Banking; M&A; Funds; Tech | How to Resolve Disputes in Brazilian Contracts: Arbitration or Judiciary?

The form of dispute resolution is key when structuring strategic businesses in Brazil, especially in financial transactions, M&As, funds, and complex tech and commercial contracts. 

Which one to choose: judicial or arbitration?

Although there is no direct answer or rule, it is possible to establish parameters for each type of transaction and the most appropriate way to deal with any disputes:

1. In Banking/Financial Transactions: contracts that involve credit extended by domestic and foreign financial institutions, funds and investors, predominantly elect the judiciary.

Disputes of these transactions arise generally due to default of specific and objective obligations, such as payment of principal and interest, colllateral and compliance with financial ratios, being fundamental the use of the state’s power of the Judiciary to order payment, attachment, seizure, blocking and selling assets to settle the outstanding debt.

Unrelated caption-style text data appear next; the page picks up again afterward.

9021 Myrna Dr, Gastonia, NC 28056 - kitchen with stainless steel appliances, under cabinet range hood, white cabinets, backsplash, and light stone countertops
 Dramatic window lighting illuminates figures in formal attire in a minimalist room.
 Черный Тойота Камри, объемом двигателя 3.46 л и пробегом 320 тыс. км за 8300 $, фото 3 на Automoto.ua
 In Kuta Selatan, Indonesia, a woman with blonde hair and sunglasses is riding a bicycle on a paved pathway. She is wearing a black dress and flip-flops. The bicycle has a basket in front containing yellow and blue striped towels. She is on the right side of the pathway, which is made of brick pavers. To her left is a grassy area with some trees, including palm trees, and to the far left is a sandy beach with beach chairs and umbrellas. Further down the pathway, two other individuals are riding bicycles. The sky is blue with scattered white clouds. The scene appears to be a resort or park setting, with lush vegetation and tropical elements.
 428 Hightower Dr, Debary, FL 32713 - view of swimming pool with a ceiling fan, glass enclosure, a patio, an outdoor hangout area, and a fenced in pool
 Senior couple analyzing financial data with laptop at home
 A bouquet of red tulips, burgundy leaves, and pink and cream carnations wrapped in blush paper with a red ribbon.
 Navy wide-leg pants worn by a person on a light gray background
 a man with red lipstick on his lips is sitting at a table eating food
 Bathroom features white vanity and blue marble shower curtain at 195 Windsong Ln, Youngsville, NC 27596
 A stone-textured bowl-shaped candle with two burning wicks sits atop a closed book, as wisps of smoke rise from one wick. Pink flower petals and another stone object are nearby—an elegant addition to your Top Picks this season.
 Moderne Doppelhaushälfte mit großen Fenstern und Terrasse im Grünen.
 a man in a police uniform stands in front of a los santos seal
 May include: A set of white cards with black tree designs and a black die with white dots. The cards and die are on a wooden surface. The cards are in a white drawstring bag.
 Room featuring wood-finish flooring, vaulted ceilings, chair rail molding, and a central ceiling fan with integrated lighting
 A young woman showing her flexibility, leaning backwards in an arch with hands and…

This understanding also includes contracts for convertible loan into equity entered into between angel investors and target startups.

2. In M&As, Venture Capital, Private Equity and Joint Venture: the key instruments such as Share Purchase Agreement and Shareholders Agreement tend to provide for 2 stages of dispute resolution. First, it seeks to resolve the conflict through mediation. If not successful, arbitration is instituted. As they are more complex corporate transactions, the use of arbitration gives greater legal certainty to the parties due to the specialization and experience of the arbitrators on the subject, in addition to the shorter time to complete the process, when compared to the judiciary.

In addition to the arbitration, contracts that provide for material afirmative and negative covenants for one or more parties, must contain a specific performance clause so that, in case of default, the innocent party seeks a court order to demand that the defaulting party satisfy the specific obligation. 

3. In Investment Funds’ Transactions: there is no standardized way of resolving conflict in investment fund documentation, with FIPs, FIIs, FIDCs, among others. The choice between arbitration and the judiciary to settle disputes in funds Charter Documents (Regulamentos), Investment Commitments, Management Contracts and Distribution Contracts depends on the characteristics of the fund, type of investors, the format of the offering and the target assets.

4. In Complex Tech and Commercial Contracts: in contracts involving technology, know-how, patents and/or engineering projects, arbitration is the most used means, because it is understood that arbitrators with experience in the area covered by the contract have better conditions to decide on conflicting issues than legal judges.

As in corporate transactions, commercial contracts that provide for affirmative and negative covenants must contain a specific performance clause so that, in the event of default, the innocent party may seek a court order to satisfy a particular obligation.

Whether arbitration or Judiciary, choosing the way to resolve disputs is essential for the success of any business, be it financial, corporate or commercial, and must be carefully evaluated by those involved.